В. Л. Терёхин: Если произойдут структурные сдвиги в Центре, какой вам видится перспектива Приднестровской МССР?
И. Н. Смирнов: Мы переживаем трудное время становления, но у нас достаточно средств и мощностей, чтобы развиваться должным образом. Народ нам выразил доверие. Люди понимают, что другого выхода нет: они хотят защитить себя и будущее своих детей.
Реформы стали самоцелью[99]
В. Л. Терёхин: Будучи одним из основателей движения «Демократическая Россия», а потом и Демократической партии России – ДПР, председателем которой вы сейчас являетесь, вы обладали очень высоким рейтингом во власти в конце 1991 года. И вдруг такой неожиданный уход в будничную, повседневную работу… Что подтолкнуло вас к такому решению?

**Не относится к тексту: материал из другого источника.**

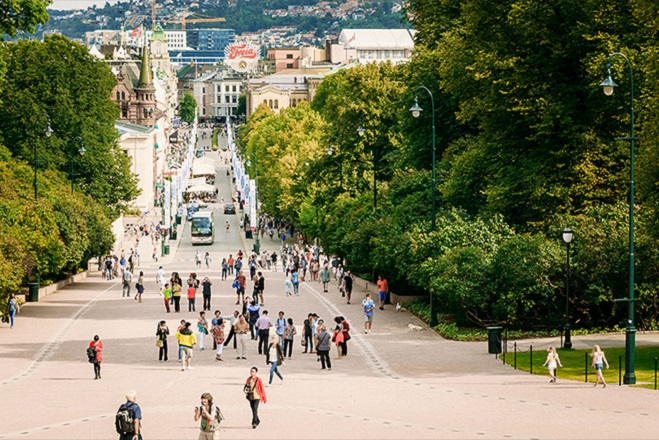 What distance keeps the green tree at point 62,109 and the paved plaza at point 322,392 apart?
36.1 meters

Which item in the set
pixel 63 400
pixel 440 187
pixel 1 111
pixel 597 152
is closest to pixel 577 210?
pixel 597 152

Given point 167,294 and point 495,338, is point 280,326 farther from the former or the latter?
point 167,294

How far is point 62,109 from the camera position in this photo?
89625 mm

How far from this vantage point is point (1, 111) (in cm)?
8700

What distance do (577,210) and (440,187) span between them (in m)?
9.12

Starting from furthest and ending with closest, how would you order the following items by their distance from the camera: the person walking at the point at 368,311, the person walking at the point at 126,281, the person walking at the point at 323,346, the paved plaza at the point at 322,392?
the person walking at the point at 126,281, the person walking at the point at 368,311, the person walking at the point at 323,346, the paved plaza at the point at 322,392

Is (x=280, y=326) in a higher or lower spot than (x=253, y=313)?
lower

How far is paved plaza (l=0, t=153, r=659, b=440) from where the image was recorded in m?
30.8

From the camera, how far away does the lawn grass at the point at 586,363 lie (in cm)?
3659

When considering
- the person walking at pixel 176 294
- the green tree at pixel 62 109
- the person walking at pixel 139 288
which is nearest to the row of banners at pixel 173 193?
the green tree at pixel 62 109

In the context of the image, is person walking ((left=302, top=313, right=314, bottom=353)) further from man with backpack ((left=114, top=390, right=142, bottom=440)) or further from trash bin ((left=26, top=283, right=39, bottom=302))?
trash bin ((left=26, top=283, right=39, bottom=302))

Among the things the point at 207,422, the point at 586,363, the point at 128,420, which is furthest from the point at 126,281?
the point at 207,422

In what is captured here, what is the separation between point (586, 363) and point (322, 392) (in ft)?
22.0

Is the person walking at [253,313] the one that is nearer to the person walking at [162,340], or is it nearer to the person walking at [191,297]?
the person walking at [162,340] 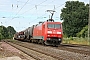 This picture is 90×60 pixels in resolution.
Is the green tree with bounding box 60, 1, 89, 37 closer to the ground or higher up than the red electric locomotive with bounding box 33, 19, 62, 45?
higher up

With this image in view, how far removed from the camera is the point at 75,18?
84750mm

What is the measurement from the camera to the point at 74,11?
90.2 m

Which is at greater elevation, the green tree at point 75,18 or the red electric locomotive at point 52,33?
the green tree at point 75,18

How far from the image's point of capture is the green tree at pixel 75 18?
84.2m

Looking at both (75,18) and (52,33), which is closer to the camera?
(52,33)

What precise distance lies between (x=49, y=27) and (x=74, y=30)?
177ft

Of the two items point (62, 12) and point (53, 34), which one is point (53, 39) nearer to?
point (53, 34)

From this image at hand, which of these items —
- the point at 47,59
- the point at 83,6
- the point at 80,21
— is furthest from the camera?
the point at 83,6

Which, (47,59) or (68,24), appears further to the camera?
(68,24)

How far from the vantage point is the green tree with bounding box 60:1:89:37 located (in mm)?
84250

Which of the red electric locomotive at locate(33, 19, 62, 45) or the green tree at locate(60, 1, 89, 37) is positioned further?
the green tree at locate(60, 1, 89, 37)

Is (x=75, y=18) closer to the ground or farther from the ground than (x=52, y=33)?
farther from the ground

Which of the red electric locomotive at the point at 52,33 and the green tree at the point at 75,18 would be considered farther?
the green tree at the point at 75,18

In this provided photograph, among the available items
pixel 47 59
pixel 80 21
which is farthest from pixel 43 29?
pixel 80 21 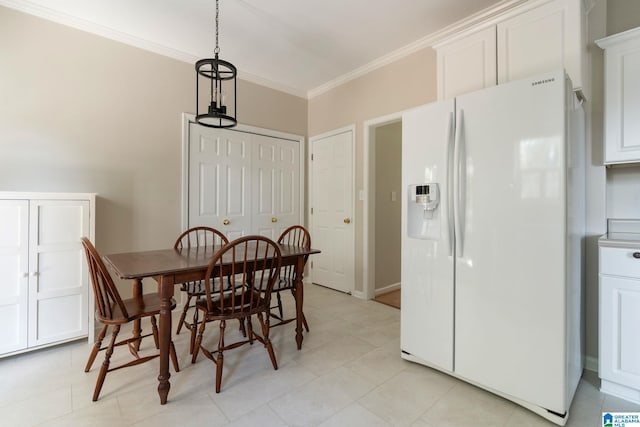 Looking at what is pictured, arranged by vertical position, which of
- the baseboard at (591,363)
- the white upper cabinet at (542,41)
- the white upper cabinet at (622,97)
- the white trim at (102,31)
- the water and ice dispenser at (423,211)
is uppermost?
the white trim at (102,31)

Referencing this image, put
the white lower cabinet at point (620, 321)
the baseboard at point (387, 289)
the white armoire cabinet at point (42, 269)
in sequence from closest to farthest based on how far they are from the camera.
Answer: the white lower cabinet at point (620, 321)
the white armoire cabinet at point (42, 269)
the baseboard at point (387, 289)

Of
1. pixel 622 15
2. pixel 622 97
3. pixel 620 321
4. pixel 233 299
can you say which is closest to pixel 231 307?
pixel 233 299

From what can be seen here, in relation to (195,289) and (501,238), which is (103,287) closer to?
(195,289)

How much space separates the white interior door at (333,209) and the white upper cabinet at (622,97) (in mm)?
2333

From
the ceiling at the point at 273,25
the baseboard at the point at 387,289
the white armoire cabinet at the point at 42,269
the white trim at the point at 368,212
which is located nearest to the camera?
the white armoire cabinet at the point at 42,269

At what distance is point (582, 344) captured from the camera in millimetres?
2000

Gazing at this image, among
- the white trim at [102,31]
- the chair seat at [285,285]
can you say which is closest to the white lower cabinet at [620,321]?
the chair seat at [285,285]

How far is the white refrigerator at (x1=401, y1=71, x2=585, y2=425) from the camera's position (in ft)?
4.86

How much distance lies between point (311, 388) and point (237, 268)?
88cm

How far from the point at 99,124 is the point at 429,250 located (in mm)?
3060

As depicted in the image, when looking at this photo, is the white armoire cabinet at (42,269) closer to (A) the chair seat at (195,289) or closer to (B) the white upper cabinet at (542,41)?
(A) the chair seat at (195,289)

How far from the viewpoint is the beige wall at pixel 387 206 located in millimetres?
3795

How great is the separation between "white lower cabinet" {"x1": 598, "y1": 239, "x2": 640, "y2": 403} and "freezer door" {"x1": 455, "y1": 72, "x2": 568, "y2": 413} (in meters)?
0.53

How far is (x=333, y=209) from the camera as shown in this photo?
3992mm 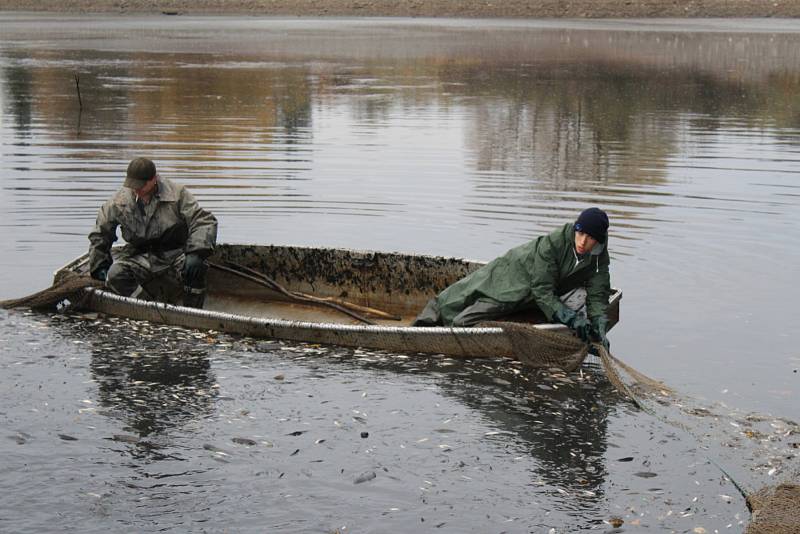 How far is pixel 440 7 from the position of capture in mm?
106750

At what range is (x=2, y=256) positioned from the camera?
54.5ft

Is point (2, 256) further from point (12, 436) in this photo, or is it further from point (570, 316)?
point (570, 316)

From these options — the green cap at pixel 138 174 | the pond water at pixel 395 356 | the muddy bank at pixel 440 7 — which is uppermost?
the muddy bank at pixel 440 7

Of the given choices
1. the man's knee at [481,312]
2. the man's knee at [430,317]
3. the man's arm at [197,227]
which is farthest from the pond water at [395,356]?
the man's arm at [197,227]

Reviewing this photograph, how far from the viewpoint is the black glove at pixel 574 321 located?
36.7 feet

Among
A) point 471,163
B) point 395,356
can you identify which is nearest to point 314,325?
point 395,356

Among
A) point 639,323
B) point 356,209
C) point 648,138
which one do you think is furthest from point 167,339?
point 648,138

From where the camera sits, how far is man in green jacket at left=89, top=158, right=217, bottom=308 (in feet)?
42.0

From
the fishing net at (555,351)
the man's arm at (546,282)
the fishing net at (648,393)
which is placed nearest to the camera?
the fishing net at (648,393)

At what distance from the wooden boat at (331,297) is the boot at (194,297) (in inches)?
17.6

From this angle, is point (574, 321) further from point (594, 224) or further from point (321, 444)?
point (321, 444)

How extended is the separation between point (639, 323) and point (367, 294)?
10.2 feet

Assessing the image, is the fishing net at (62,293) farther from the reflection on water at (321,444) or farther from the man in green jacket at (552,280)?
the man in green jacket at (552,280)

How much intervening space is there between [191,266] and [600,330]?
441cm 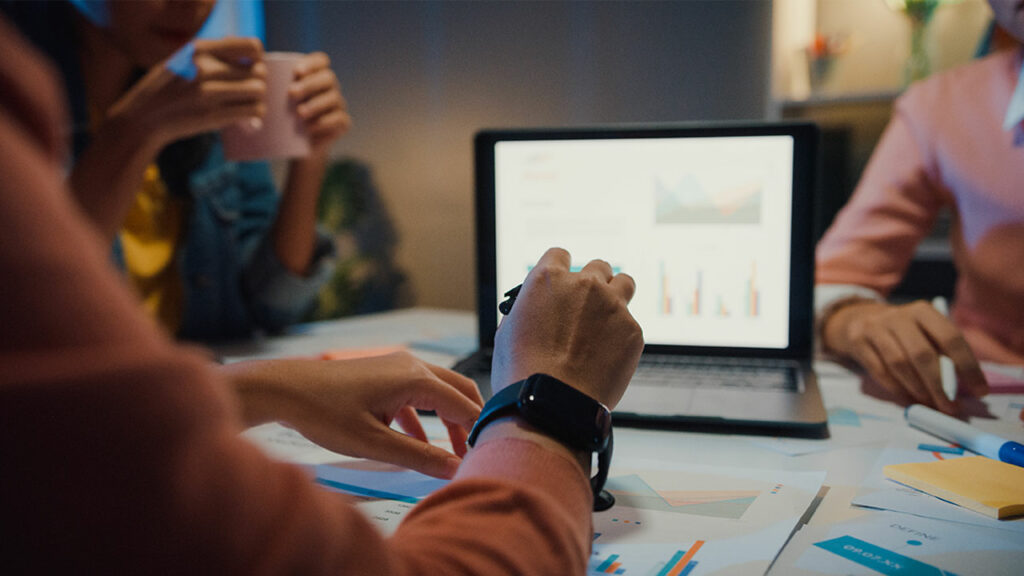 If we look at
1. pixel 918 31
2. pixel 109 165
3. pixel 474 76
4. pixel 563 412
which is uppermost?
pixel 918 31

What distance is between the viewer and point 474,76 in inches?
74.6

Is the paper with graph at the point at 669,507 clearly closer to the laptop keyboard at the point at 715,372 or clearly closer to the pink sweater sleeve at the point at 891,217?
the laptop keyboard at the point at 715,372

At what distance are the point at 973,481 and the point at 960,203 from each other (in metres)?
0.73

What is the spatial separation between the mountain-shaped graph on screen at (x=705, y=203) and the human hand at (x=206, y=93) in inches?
22.1

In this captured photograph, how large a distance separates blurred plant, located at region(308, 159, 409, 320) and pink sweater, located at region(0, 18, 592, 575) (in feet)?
6.51

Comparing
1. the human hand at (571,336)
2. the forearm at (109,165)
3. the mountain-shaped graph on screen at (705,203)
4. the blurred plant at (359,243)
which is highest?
the forearm at (109,165)

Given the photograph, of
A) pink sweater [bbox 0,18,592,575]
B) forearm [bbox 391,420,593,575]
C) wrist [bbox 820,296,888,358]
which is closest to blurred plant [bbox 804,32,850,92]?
wrist [bbox 820,296,888,358]

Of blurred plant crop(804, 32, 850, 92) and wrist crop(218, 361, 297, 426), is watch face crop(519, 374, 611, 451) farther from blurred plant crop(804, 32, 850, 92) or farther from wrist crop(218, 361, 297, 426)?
blurred plant crop(804, 32, 850, 92)

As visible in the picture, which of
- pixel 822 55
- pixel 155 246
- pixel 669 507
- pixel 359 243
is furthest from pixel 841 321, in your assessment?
pixel 822 55

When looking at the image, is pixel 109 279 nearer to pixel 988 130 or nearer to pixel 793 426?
pixel 793 426

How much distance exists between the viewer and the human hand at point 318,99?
1007 millimetres

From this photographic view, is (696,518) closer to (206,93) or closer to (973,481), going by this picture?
(973,481)

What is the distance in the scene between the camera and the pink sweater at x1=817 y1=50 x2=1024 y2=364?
108 centimetres

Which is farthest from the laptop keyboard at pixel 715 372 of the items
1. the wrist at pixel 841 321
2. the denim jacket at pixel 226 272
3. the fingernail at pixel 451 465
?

Н. И. Травкин: Я всегда считал, что создание многопартийной системы – основа для будущей демократии и для построения нормального общества. И каких-либо амбиций насчет рейтинга у меня не было. Почему состоялся уход? По натуре я – производственник. У меня нет некоторых человеческих качеств, какими обладает иной политик. В политике я активно участвую с 1989 года. Но в своих решениях порой безапелляционен и как только ДПР – партия, в создание которой я внёс весомый вклад – встала на ноги, это стало мешать.
Тогда был создан политсовет ДПР и введена освобожденная должность заместителя председателя. Меня же влекли не столько красивые программы, сколько возможность реализовать их практически в жизни. У меня, кстати, не было недостатка в предложениях: я мог бы сейчас пребывать и в «Белом доме» и на Старой площади. На уровне края, области – препонов не было. Но я выбрал район. Потому, что какие бы программы не писали, решения нужно искать в са́мом низу. Почему сельское хозяйство? У нас везде надо реформировать, но самый главный вопрос – вопрос питания. Голодный человек никогда не сможет стать демократом – только сытый. Шаховской район – типовой, причем не столько для Московской области, где, в целом, сильно развита индустрия, сколько для Нечерноземья. Здесь я начинал каменщиком, бригадиром. Ну, а строительство на селе – это знакомство с сельским хозяйством, с животноводством.